## Given data
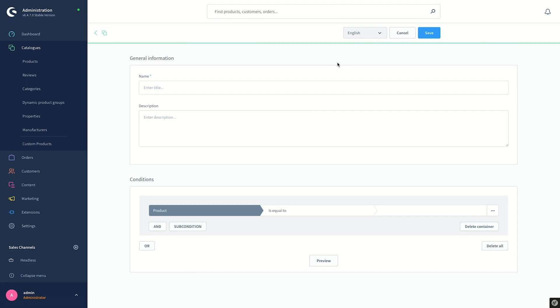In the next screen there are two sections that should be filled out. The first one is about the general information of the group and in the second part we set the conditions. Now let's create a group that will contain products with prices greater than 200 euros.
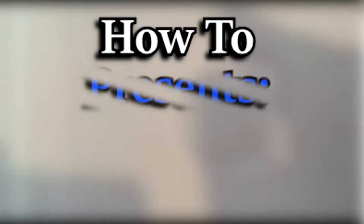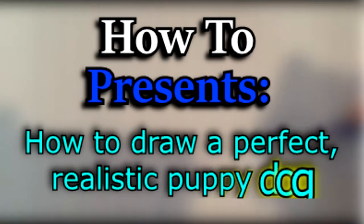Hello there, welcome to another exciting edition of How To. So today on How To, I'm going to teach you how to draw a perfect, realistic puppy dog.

---

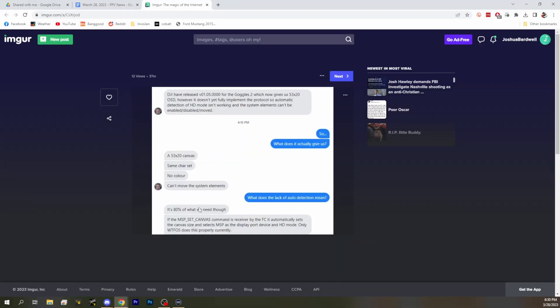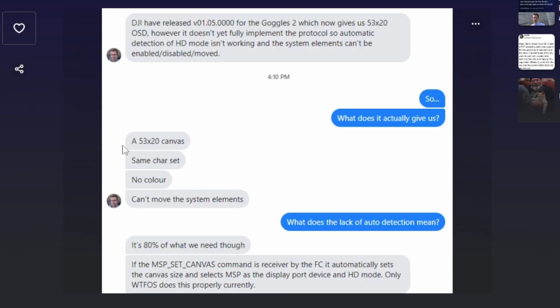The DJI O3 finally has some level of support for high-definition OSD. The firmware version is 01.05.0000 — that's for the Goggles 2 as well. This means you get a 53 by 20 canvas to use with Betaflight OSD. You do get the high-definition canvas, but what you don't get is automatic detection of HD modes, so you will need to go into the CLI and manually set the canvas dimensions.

## Problem description
Beginning at the line that has "In the next" and ending at the line that has "Hello there, welcome", restate the listing above word for word, pictures left out.

## Output
In the next screen there are two sections that should be filled out. The first one is about the general information of the group and in the second part we set the conditions. Now let's create a group that will contain products with prices greater than 200 euros.
Hello there, welcome to another exciting edition of How To. So today on How To, I'm going to teach you how to draw a perfect, realistic puppy dog.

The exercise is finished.